I am designing a Members Table to store the users of a website. It will be used every time a user logs on to the website and occasionally accessed to update user details.
The users will log on with an email address and password and every account will have a unique email address. Therefore it seems logical that the Email column of the Members Table should be it's clustered index as the majority of queries on this table will be against the Email column as users log on. Making the Email column unique and the key to the clustered index should make querying user's data as they log on fast and improve performance.
But as I understand it, it would be wrong to make the Email column the Primary Key for two reasons. One, a Primary Key should be constant, so if a user decided to change their email address then all foreign keys would have to be updated and that would be bad. Secondly email addresses are strings which would make Joins slower than if the PK was an int.
So can I make a Non Clustered Index the Primary Key? So that the table has both a Clustered Index with Email as it's unique key, and an int primary key as a Non Clustered index on top?
Thanks, Duncan
Primary key is a logical database design and only has to be unique and non-NULL (which is implemented with an index).
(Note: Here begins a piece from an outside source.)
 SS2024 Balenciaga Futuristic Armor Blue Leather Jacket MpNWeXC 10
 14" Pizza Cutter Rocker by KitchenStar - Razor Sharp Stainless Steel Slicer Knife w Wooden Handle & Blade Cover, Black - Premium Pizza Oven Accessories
In addition, you have a choice of a single clustered index, which should be narrow, unique, increasing and static (email is probably NOT good for this).
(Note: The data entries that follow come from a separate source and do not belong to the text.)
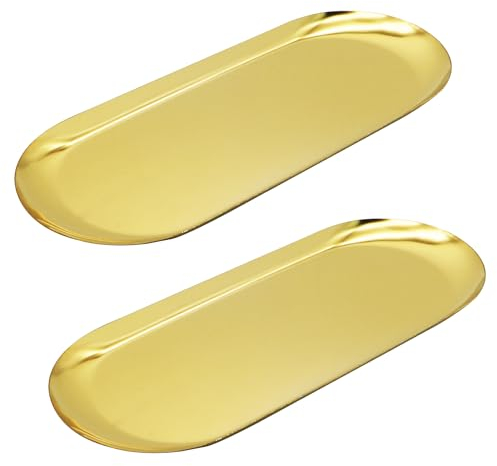 Edelstahl Dekoratives Tablett Schmuckschale 2 Stück 30 x 12 cm Gold Ovales Schminktisch-Tablett Kleines Kosmetiktablett Handtuchhalter Schmucktablett für Küche Badezimmer Waschtisch Büro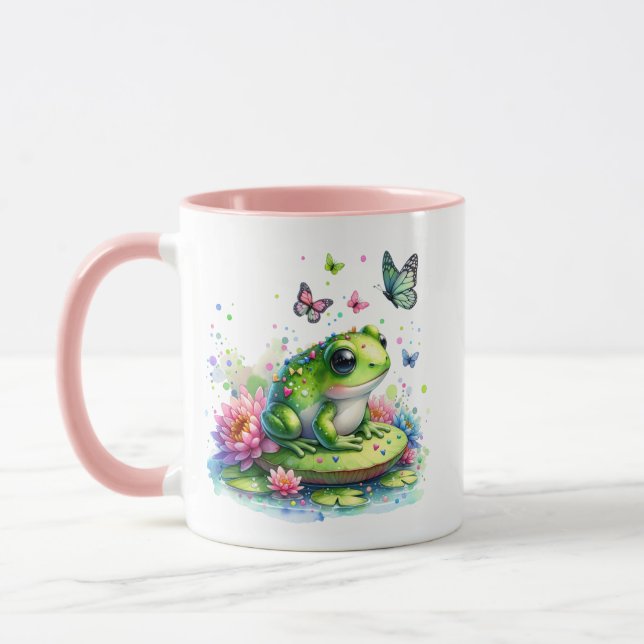 Whimsical Toad, Flowers and Butterflies Mug (Left)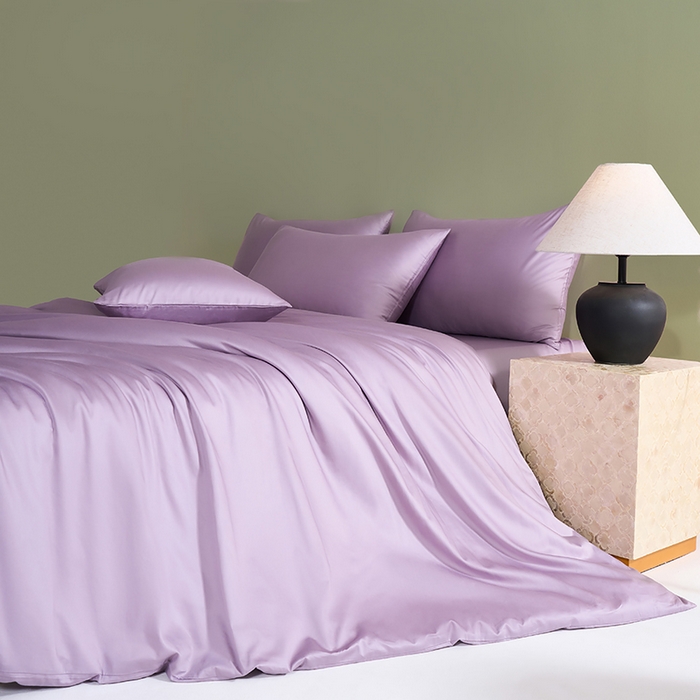 91家纺网 家纺一手货源 找家纺 闲鱼家纺 2025新款亲肤舒适60S黑标A类全棉纯色四件套单被套单床笠-风格一单被套单床笠-风格二 木槿紫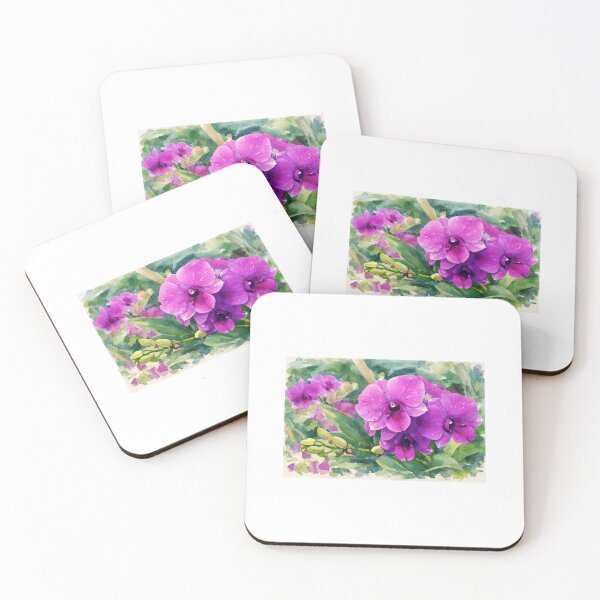 Item preview, Watercolour Mom's purple orchids designed and sold by DansArtYaad.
I would make an IDENTITY int primary key and cluster on that.
I would add a unique non-clustered index on email and "include" additional columns so that your most frequent heavy queries become covering (i.e. the password hash). Note that you should not need to add the clustered key to the included columns, since that is always included as the bookmark in the non-clustered index).
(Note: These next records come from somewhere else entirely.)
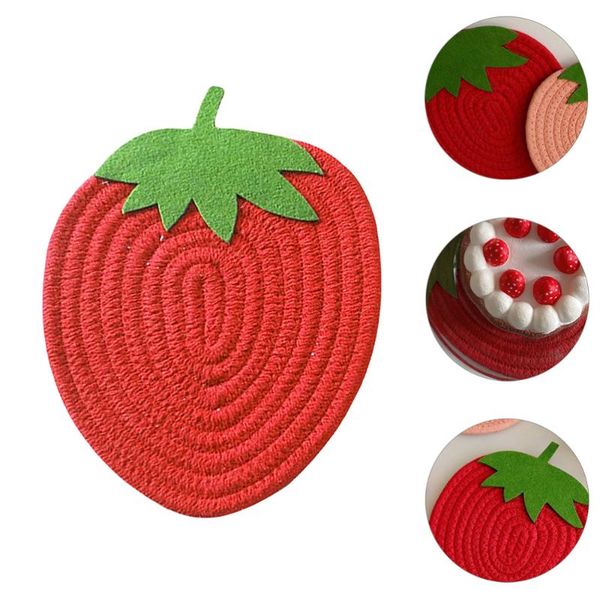 

1pc anti-scald pot pad insulation strawberry cup woven placemat planters & pots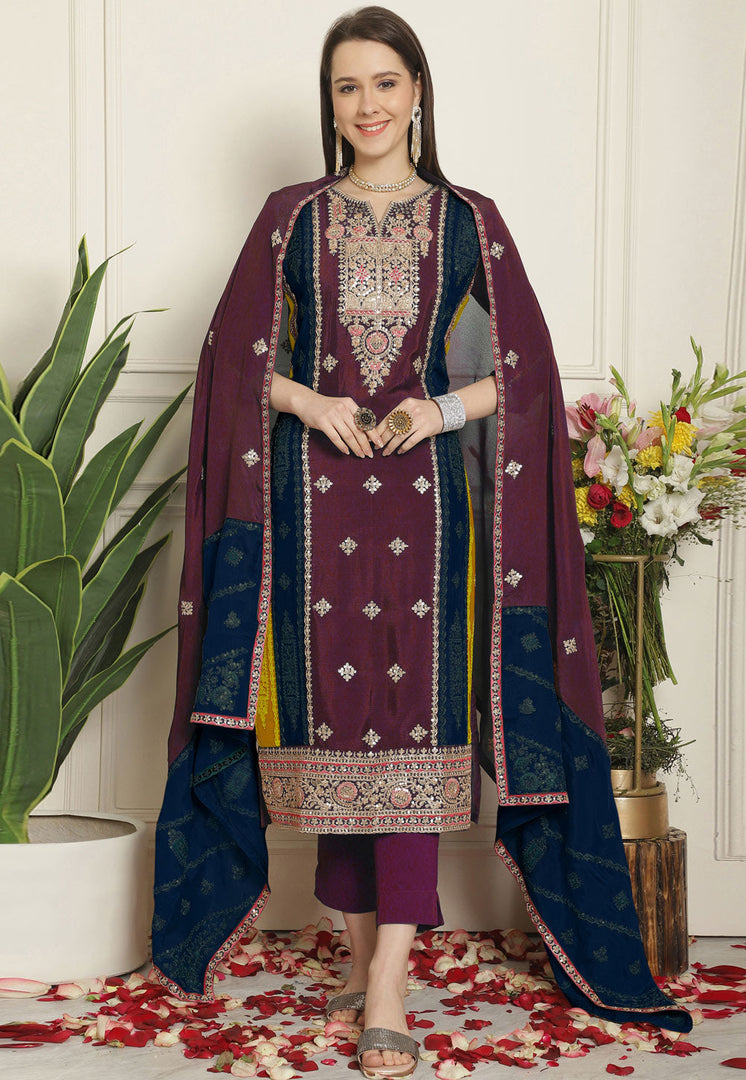 Wine Chinon Chiffon Pakistani Suit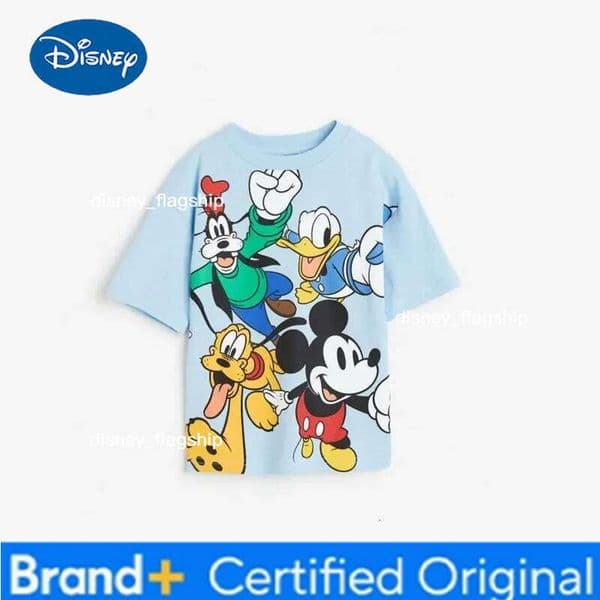 Disney Children Summer Clothes Tees Tops Cartoon Mickey Baby Boys T-shirt Fashion Casual Loose Kids T Shirts Boys' Short-sleeved XJ260304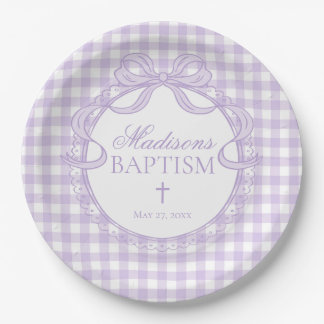 Assiettes En Carton Coquette en Gingham Violet pour Baptême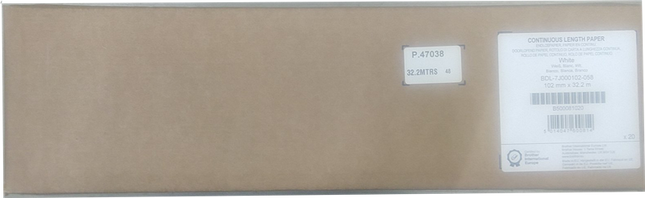 Brother BDL-7J000102-058 Einzeletikettenrolle 101,6mm x 32,2m Weiss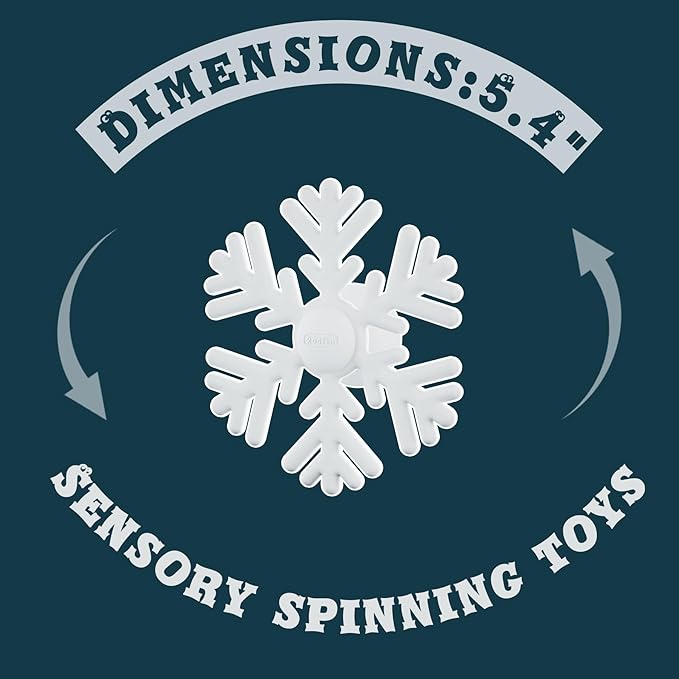 Bathtub Baby Spinners with Suction Cup - Silicone Bath Spinner Toys for Babies & Toddlers, Baby Spinner Suction for Travelling Car & Airplane Windows (Snowflake, White)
Look at the execution plans to ensure that you are not seeing any table scans or clustered index scans in the user table.
I would add that typically people think that seeing queries use a clustered index is a good thing. I would argue that a non-clustered index scan or seek used in a query where the indexes are covering is just as good on a heap (a table without a clustered index) as on a clustered index and better than a clustered index scan or seek. I would also argue that a clustered index is a name which leads people to all kinds of assumptions about things (to start with, it's not really an index on a table, it indicates that the table is stored completely in the index structure) and misconceptions about its importance. Clustered indexes are most important in very large operations where a large amount of data is needed in the order of clustering.
Real (read) query speed on typical OLTP queries comes from covering the query with the narrowest possible non-clustered indexes on all the tables in the query with every column in the appropriate order and correct sort direction for the query/parameters.